The couple — who met at the University of Northwestern-St. Paul, an evangelical Christian college in Roseville — in recent months had sold most of their belongings in preparation for the move, which was expected to happen in late October.

“They were just going to travel with one big backpack for each of them,” said Kathy Pals, Jamison’s mother, who lives in Hugo with his father, Rick.

The young family had been planning the move for a couple of years and made multiple treks to Littleton, Colo., for training with WorldVenture, a Christian mission agency. They tracked their preparations on a blog called joyofjapan.org, where they wrote expansively about their faith and family.

“We want Jesus Christ for Japan. That’s what ‘the joy of Japan’ really means,” Jamison wrote.

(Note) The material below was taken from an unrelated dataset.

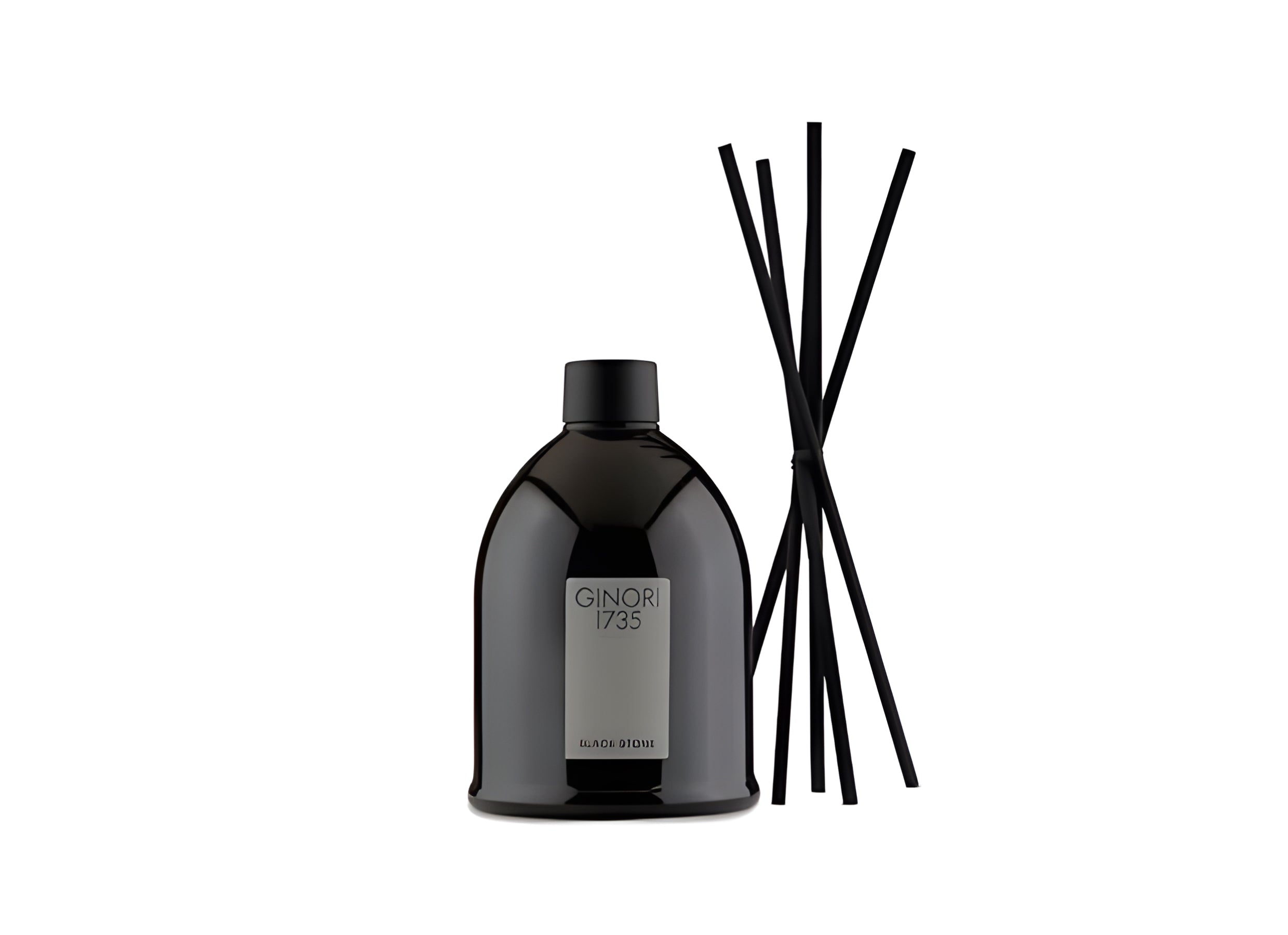 LCDC Room Diffuser Black Stone Refill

The couple blogged about how they had met and had dated on and off, became best friends and decided to marry. A point of hesitation in the relationship was Kathryne’s uncertainty about the missionary work that so strongly called to Jamison for almost a decade.

Kathryne, the fifth of Gordon and Nancy Engel’s six children, graduated from West Lutheran High School in Plymouth. Pals, the third of four sons, graduated in 2005 from Centennial High School in Circle Pines.

In shock on Monday, both sides of the family said their faith held them. “When we grieve, we know that we have hope to see them again,” Nancy Engel said.

Kathy Pals said she’d been told that Weekly had been distracted before the crash, which occurred in a construction zone. She was saddened to hear that he had been charged, saying that it would be hard enough for him to live with he’d done.